-- Work order --
Within the material below, transcribe exactly the lines from the one holding "Schlagermedaillons 20-70er Jahre Pop" through the one holding "CEN Ford F-450", keeping both ends and skipping the rest.
=== Begin Enclosure ===
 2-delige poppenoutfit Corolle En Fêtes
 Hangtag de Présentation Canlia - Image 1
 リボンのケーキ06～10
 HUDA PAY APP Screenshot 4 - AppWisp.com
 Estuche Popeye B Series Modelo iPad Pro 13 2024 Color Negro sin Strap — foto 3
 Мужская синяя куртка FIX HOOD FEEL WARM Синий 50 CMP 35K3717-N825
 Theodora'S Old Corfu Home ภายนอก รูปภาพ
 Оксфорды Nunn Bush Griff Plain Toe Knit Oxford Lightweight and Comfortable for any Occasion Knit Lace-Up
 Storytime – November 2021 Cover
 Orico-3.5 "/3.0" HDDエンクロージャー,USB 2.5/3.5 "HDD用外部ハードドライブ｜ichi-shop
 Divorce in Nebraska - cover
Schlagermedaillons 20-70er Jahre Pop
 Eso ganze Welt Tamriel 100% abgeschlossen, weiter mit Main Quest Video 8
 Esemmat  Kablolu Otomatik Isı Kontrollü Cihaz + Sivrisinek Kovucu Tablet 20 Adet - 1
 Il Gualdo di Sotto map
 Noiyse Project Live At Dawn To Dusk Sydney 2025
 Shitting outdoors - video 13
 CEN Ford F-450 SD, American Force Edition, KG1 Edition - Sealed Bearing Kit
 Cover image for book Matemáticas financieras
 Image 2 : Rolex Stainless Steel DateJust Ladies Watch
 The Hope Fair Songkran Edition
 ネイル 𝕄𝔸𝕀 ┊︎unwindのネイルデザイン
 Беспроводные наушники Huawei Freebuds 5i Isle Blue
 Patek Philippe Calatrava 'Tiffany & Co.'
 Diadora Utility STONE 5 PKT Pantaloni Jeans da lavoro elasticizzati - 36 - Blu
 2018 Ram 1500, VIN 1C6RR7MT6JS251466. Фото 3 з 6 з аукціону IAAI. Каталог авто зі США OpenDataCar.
=== End Enclosure ===
-- Solution to the problem --
Schlagermedaillons 20-70er Jahre Pop
 Eso ganze Welt Tamriel 100% abgeschlossen, weiter mit Main Quest Video 8
 Esemmat  Kablolu Otomatik Isı Kontrollü Cihaz + Sivrisinek Kovucu Tablet 20 Adet - 1
 Il Gualdo di Sotto map
 Noiyse Project Live At Dawn To Dusk Sydney 2025
 Shitting outdoors - video 13
 CEN Ford F-450 SD, American Force Edition, KG1 Edition - Sealed Bearing Kit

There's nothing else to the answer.